Scientists say ice acts as a natural blockade, giving responders more time for cleanup

Posted: Thursday, November 19, 2009

ANCHORAGE - Oil spills in Arctic ice may be easier to clean than those in open water, according to research funded by oil companies that are seeking offshore exploration in federal waters.

Shell Oil Co. brought scientists from the Norwegian nonprofit research institute SINTEF to Anchorage this week to present findings from May experiments run in the Barents Sea above northern Europe, the Anchorage Daily News reported.

The researchers said oil spilled in open water tends to spread quickly and contaminate the shoreline. The Barents Sea testing found that ice can act as a natural blockade, giving responders more time for cleanup.

The findings conflict with conventional wisdom. Environmentalists cite botched spill cleanup experiments that occurred a decade ago in the Beaufort Sea. At the time, the state of Alaska determined that Prudhoe Bay oil field operator BP could not adequately clean spills in slushy water.

Shell invited state regulators, the Coast Guard, advocacy groups, Arctic village officials and others to the briefing of research paid for by BP, Shell, Chevron, Conoco Phillips, Statoil Hydro of Norway, Eni of Italy and Total of France.
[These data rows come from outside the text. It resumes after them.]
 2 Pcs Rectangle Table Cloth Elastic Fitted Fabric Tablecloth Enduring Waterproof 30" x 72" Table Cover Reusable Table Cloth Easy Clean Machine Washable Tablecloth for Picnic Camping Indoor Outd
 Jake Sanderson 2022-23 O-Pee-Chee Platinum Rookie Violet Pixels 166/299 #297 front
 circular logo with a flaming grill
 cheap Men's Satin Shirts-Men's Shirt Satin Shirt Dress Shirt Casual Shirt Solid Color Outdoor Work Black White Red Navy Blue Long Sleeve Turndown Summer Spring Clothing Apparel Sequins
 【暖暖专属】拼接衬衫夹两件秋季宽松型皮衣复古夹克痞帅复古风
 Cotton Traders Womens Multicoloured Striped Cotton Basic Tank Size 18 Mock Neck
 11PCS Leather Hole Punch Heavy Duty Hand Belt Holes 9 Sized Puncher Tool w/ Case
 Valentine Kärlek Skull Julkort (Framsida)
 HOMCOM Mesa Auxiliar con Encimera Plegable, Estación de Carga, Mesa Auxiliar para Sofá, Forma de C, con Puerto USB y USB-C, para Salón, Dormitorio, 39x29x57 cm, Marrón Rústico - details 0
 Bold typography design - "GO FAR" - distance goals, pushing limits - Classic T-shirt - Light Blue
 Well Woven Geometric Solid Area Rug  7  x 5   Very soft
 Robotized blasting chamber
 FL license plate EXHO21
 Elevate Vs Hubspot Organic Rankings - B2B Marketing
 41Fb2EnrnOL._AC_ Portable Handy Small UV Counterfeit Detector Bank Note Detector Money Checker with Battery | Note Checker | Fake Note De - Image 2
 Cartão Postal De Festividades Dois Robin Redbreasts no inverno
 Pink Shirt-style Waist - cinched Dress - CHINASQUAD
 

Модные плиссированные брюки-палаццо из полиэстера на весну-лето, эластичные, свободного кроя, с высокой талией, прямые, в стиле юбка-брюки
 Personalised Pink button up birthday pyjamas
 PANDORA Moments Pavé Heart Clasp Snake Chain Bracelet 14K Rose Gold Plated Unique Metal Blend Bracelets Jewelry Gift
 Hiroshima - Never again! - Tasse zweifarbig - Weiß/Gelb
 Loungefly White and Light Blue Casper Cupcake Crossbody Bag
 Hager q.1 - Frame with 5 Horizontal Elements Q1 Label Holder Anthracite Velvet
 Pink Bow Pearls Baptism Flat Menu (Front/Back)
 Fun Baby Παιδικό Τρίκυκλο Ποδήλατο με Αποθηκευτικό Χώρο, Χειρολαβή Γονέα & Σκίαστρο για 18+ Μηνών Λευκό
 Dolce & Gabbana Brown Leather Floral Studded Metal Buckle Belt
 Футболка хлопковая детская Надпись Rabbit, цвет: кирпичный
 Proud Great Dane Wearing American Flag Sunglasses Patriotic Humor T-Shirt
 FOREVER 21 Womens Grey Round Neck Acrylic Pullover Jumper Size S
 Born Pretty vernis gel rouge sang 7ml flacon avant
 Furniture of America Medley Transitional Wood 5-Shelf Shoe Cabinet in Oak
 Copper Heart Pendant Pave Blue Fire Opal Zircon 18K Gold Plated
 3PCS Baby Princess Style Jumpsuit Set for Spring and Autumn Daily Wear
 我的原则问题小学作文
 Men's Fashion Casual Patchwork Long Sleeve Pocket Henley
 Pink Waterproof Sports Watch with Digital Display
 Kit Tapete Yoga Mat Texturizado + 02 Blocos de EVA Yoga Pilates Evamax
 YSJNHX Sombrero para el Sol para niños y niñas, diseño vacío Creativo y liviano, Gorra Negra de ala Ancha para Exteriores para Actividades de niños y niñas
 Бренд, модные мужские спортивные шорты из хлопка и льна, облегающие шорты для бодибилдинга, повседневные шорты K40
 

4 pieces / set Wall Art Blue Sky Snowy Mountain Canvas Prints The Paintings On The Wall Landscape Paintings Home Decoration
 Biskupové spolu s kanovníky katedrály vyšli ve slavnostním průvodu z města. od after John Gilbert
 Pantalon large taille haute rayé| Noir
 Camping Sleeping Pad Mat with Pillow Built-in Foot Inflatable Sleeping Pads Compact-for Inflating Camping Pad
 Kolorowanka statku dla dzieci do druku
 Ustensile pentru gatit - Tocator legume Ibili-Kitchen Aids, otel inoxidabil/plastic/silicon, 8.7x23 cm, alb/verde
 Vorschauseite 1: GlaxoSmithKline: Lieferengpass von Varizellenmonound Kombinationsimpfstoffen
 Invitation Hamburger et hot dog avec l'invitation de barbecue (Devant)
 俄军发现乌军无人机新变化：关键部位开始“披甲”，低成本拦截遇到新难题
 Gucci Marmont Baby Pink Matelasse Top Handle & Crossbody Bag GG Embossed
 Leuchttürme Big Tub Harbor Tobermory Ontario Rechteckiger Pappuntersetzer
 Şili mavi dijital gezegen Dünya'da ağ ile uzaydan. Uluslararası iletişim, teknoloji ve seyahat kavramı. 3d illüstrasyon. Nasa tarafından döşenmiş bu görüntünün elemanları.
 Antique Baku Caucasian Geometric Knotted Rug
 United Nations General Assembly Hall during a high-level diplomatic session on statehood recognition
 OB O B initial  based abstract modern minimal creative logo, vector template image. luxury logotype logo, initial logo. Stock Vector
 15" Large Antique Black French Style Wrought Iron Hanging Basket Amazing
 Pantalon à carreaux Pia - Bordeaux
The company is trying to gain support from Alaskans for offshore exploration in federal waters. The company spent more than $2 billion last year to acquire leases and is seeking state and federal permits to explore for oil next summer in the Beaufort and Chukchi seas, which geologists say may hold vast amounts of oil and natural gas.

"This does nothing to reduce the likelihood of a catastrophic oil spill," said Whit Sheard of Pacific Environment, one of the groups that has sued to block Shell exploration in the Arctic, referring to the research presented.

Several conservation groups and Arctic village governments have sued to block Shell's drilling, saying it could cause pollution and interfere with subsistence whale hunts.

The researchers said they conducted the test by discharging thousands of gallons of crude oil in broken and slushy ice off the northern coast of Norway - such experiments have never been approved in U.S. waters.

The scientists tested several cleanup techniques, including scraping it up with mechanical skimmers, burning oil surrounded by fireproof booms, and using chemical dispersants to force the oil to dilute to the point it can be eaten by micro-organisms.

All three techniques removed most of the spilled oil, said Stein Sorstrom, SINTEF's program coordinator.